Comment jugez-vous l’absence de Paul Biya à ce rassemblement, alors que chef d’un pays en proie à des exactions des terroristes de Boko Haram, il aurait du y prendre par comme ses autres paires dans la même situation ?

ST : Si j’ai une réflexion à faire à propos, je dirai simplement que comparaison n’est pas raison. J’ai évoqué tantôt la manie qui consiste pour les dignitaires africains, à se précipiter à paris ou à vibrer d’émotion pour tout ce qui vient des maîtres d’Occident. Dans le cas d’espèce il convient de souligner que les condoléances du chef d’Etat camerounais me semblent suffisantes. Par ailleurs, même s’il est vrai que le Cameroun est en proie aux exactions de la nébuleuse Boko Haram, je crois que nous devons commencer à nous dire la vérité sur ce dossier. Ce n’est pas à Paris que l’on va résoudre le problème de Boko Haram. En plus, il ne me semble plus approprié aujourd’hui, d’évoquer ce dossier comme une affaire de terroristes de l’extérieur. Boko Haram est de plus en plus, selon mes analyses personnelles à la lumière d’un certain nombre d’éléments probants, une affaire camerouno-camerounaise. Tout ce que nous devons faire, citoyens et dirigeants avertis, c’est d’affronter nos réalités de façon honnête et positive afin d’apporter des réponses aux questions qui se profilent sournoisement dans l’évolution politique de notre pays. Que ceux qui savent lire entre les lignes le fassent, mais je n’en dirai pas plus.

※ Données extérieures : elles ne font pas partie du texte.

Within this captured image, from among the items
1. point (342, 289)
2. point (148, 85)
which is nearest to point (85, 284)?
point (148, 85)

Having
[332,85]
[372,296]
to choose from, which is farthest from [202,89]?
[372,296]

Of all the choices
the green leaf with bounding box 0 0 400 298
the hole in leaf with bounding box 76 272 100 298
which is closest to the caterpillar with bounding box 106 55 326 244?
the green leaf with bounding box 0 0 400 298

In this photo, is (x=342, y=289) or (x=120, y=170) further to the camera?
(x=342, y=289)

Pouvez-vous être plus précis sur cette question qui nous touche particulièrement ?

ST : Le destin d’une nation est quelque chose de trop sérieux et de trop délicat, pour que ceux qui en commandent les principaux leviers institutionnels puissent ignorer les dangers qui la guettent à un moment donné de son histoire.

Vous dites donc quoi du message menaçant du chef de Boko Haram ?

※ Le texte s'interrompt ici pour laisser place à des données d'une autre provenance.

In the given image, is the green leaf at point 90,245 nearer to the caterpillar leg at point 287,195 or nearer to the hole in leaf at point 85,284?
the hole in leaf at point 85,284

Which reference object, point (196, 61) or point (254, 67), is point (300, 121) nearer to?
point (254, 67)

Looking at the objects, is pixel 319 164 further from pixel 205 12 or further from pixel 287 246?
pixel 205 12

ST : Cessez de croire au père noël. Les gens sont-ils si lâches au point de vouloir emprunter la voix des intrus pour exprimer leurs ambitions, désirs et projets ? Je vous informe que dans l’étude des guerres asymétriques selon les plus grandes leçons des enseignements des doctrines militaires, certaines de ces guerres dites asymétriques sont en réalité des guerres par procuration. Nous n’en sommes peut-être pas si éloignés. Les autorités camerounaises au plus haut niveau ne sont certainement pas dupes non plus.

Quelle conclusion retenir de vous ?

ST : La marche de Paris c’est très bien, mais elle est insuffisante. Comme je l’ai déjà dis à un des vos confrères quelques jours plus tôt, tant que les maîtres du monde, les seigneurs de la pensée unique, les champions de la diplomatie impériale et de la morale sectaire n’auront pas procédé à un examen de conscience radical débouchant sur une révision de leur compréhension de la coexistence pacifique des peuples, des nations et des cultures, les risques terroristes iront croissants./.